Пылая, я лежал в объятиях чужих,
Грудь прижимал к груди – и поцелуи пил
Продажных красных губ, ища отрады в них;
Я так измучен был моей любовью старой;
Проснулся я – день серый наступил:
Но я не изменял твоей душе, Кинара.
Я многое забыл. Как будто вихрь унес
Веселье, буйство, смех, лиловый блеск чулок,
И танцы до утра, и мусор смятых роз;
Я так измучен был моей любовью старой;
Из памяти я гнал немой упрек:
Но я не изменял твоей душе, Кинара.
Я громче всех кричал, я требовал вина,
Когда же свет погас и я упал, как труп,
Явилась тень твоя, печальна и грозна;
Я так измучен был моей любовью старой;
Всю ночь я жаждал этих бледных губ:
Но я не изменял твоей душе, Кинара.
Члены «Клуба рифмачей» собирались в таверне «Старый чеширский сыр» на Флит-стрит, которая существовала там с середины XVII века (и существует до сих пор). На наш слух слово «чеширский» вызывает только одну ассоциацию: Чеширский кот со своей бестелесно парящей в воздухе улыбкой.

Если задуматься, в этом образе есть что-то необычайно грустное. Вспомните – ведь от большинства людей, которых вы знали когда-то, умерших или просто отнесенных далеко волнами жизни, остается в памяти именно улыбка, прежде всего – улыбка…
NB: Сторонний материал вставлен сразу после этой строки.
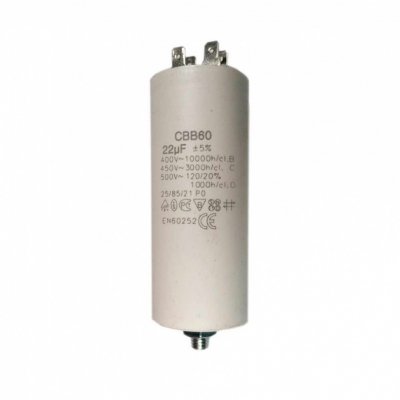 Конденсатор для LG, Samsung, Ariston, СВВ60 22мкФ, 450V, х60220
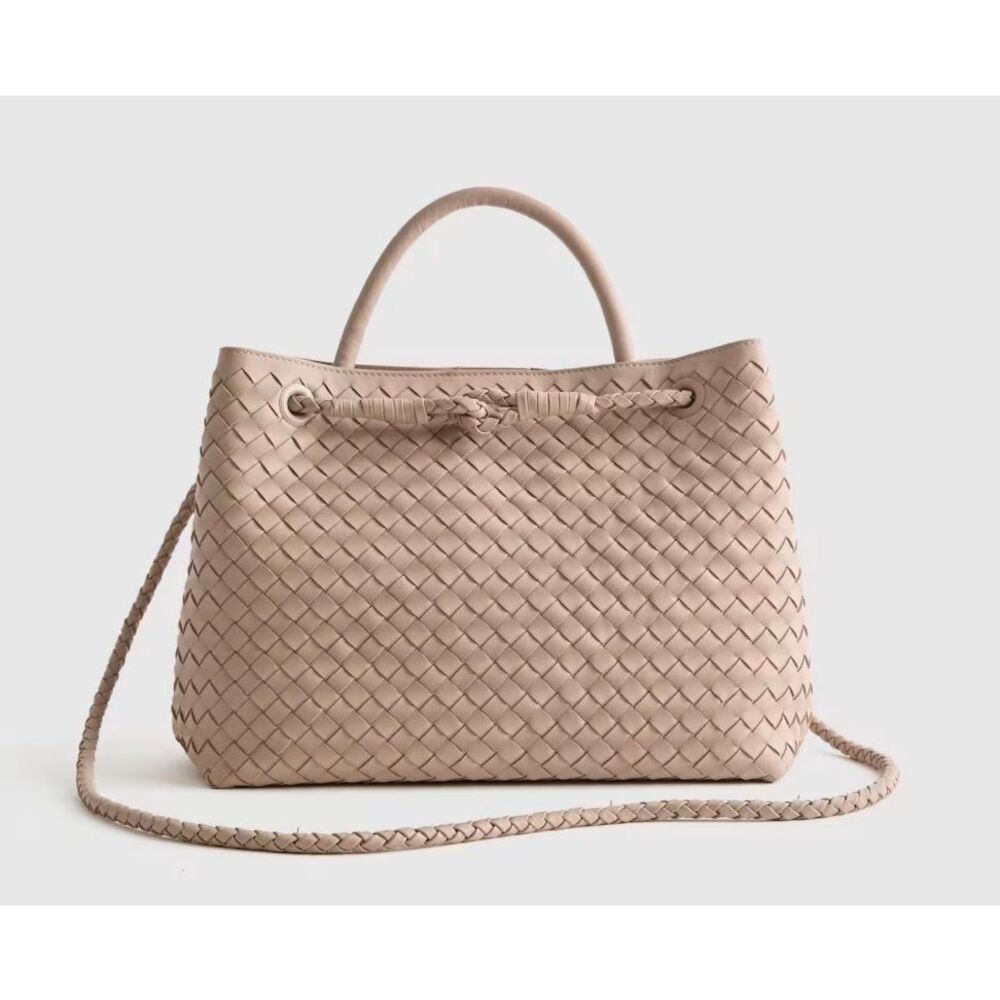 Quince Italian Leather Handwoven Satchel Crossbody Bag Taupe Quiet Luxury Woven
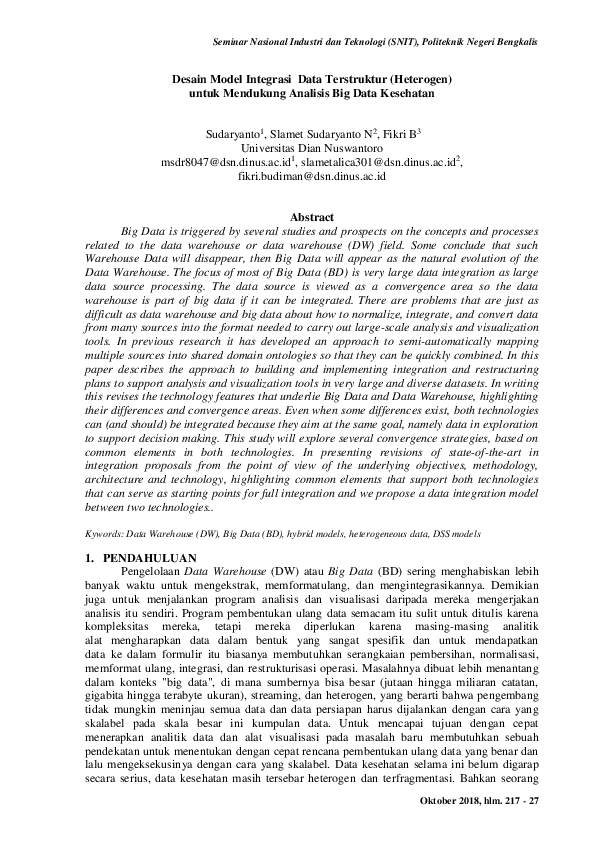 (PDF) Desain Model Integrasi Data Terstruktur (Heterogen) untuk ...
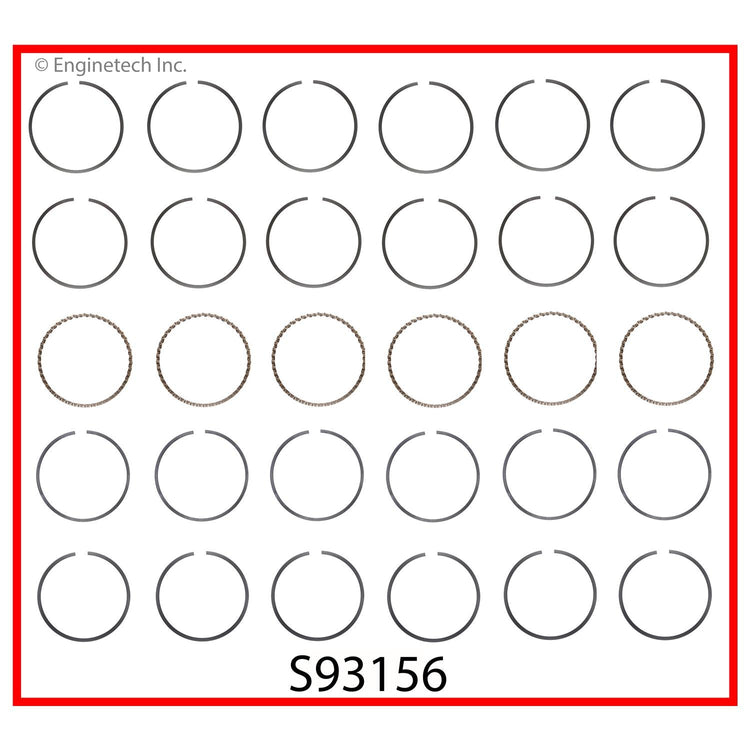 Enginetech S93156-.75 Engine Premium Piston Ring Complete Set for GMC, Isuzu, Chevrolet
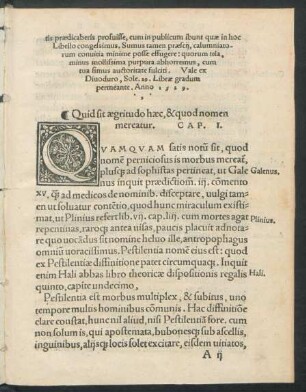 Quid sit aegritudo haec, & quod nomen mereatur. Cap. I.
Вспомнилось, как в Оксфорде в маленькой букинистической лавочке на Хай-стрит я увидел под стеклом старый сборник стихов, озаглавленный: «Смех с облаков». Автором был обозначен сэр Уолтер Рэли. Я сразу сделал стойку. Сэр Уолтер Рэли – один из моих самых любимых поэтов Возрождения. Конечно, я тотчас попросил посмотреть книгу. И что вы думаете? Это оказался совсем не тот сэр, а полный его тезка, первый глава кафедры английской литературы Оксфордского университета, посвященный королем в рыцари в 1911 году и умерший в 1921-м. После его смерти сын издал эту книгу, в которую вошли стихи, проза и пьесы. Самое известное стихотворение профессора Уолтера Рэли (в сущности, единственное, пощаженное временем), – вот это:
I wish I loved the Human Race;
I wish I loved its silly face;
I wish I liked the way it walks;
I wish I liked the way it talks;
And when I’m introduced to one
I wish I thought What Jolly Fun!
Я думаю, можно не трудиться переводить, и так все понятно. Но по несчастной привычке строки начинают сами складываться в голове:
Род человеческий любить
И я хотел бы, может быть,
Любить прогулки их с зонтом,
Остроты их с набитым ртом,
Смотреть на сборище тупиц
И думать: «Сколько умных лиц!»
Ракушка третья. Норидж
(Джон Скельтон)
Нет, наверное, в Англии такой деревушки, которая не гордилась бы родством или свойством с каким-нибудь известным писателем. А каждый большой город имеет целый список литературных достопримечательностей. Древний Норидж, столица Норфолька, с его великолепным собором, основанном при Вильгельме Завоевателе, конечно, не исключение. Я бывал в Норидже трижды, даже, лучше сказать, не бывал, а жил (благодаря гостеприимству Университета Восточной Англии), так что успел проникнуться своего рода местным патриотизмом.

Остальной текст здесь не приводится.